= Vinod Kinariwala =

Vinod Kinariwala (20 September 1924 – 10 August 1942) was an Indian independence activist from Ahmedabad, India. He was shot dead by a British officer while waving the Indian flag in front of Gujarat College on 9 August 1942, the first day of the Quit India movement started by Mahatma Gandhi. The British officer asked him to drop the flag Refused to do so. He was later shot dead by an officer. He was 18 years old at the time of his death.

==Biography==
Vinod Kinariwala was born on 20 September 1924 to Jamnadas Kinariwala and Hiralaxmi. He completed his schooling from St. Xavier's High School Loyola Hall in Ahmedabad and was one of its top students. He was an intermediate student at Gujarat College in Ahmedabad, India. The Quit India Movement led by Mahatma Gandhi launched on 9 August 1942. The next day a rally was organised by the students of Law College. The rally reached Gujarat College where other students joined them. The police started a lathi charge to disperse the rally.
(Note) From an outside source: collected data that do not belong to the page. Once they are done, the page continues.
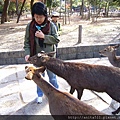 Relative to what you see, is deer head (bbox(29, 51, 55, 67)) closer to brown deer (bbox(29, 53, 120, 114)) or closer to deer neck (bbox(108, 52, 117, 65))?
brown deer (bbox(29, 53, 120, 114))

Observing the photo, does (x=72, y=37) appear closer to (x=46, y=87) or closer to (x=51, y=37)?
(x=51, y=37)

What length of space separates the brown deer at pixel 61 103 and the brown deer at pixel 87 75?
0.34 metres

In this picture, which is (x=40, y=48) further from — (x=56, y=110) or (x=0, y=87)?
(x=0, y=87)

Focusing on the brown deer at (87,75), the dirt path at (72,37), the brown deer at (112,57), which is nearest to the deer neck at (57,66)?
the brown deer at (87,75)

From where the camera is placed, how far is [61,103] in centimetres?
193

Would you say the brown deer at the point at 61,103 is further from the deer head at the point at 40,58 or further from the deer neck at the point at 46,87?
the deer head at the point at 40,58

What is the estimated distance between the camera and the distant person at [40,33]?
2.55 m

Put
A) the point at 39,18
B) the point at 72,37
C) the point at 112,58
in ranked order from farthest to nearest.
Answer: the point at 72,37
the point at 112,58
the point at 39,18

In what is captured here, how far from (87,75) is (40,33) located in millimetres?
788

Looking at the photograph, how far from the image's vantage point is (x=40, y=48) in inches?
112

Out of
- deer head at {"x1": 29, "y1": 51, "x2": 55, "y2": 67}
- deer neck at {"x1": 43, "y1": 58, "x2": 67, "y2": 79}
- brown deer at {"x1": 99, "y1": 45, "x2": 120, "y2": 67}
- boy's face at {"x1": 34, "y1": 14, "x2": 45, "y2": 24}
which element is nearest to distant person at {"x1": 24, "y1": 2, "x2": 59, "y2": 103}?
boy's face at {"x1": 34, "y1": 14, "x2": 45, "y2": 24}

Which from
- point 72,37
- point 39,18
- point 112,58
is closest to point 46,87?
point 39,18

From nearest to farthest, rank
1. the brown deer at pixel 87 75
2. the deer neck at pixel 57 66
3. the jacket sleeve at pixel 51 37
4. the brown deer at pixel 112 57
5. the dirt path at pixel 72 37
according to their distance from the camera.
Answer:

Kinariwala was shot dead by British Assistant Superintendent Police for trying to hoist the Indian flag while protesting in front of the college. He was taken to Vadilal Sarabhai Hospital where he was declared dead by the doctors. His dead body was taken to home and immediately cremated before being taken into custody by the police.

== Legacy ==
In 1947, Veer Vinod Kinariwala Memorial was inaugurated inside college campus by Jai Prakash Narayan in his memory. The memorial was designed by Ravishankar Raval. It depicts a youth taking the bull by its horns symbolizing the youth against the British Empire. It also depicts an arm with an Indian flag and broken handcuff symbolizing the independence movement. Every year on 9 August, the All India Democratic Students Organization pay tribute at his memorial.

The road where he died is named after him as Shahid Veer Kinariwala Marg. The new library of Gujarat College is named after him.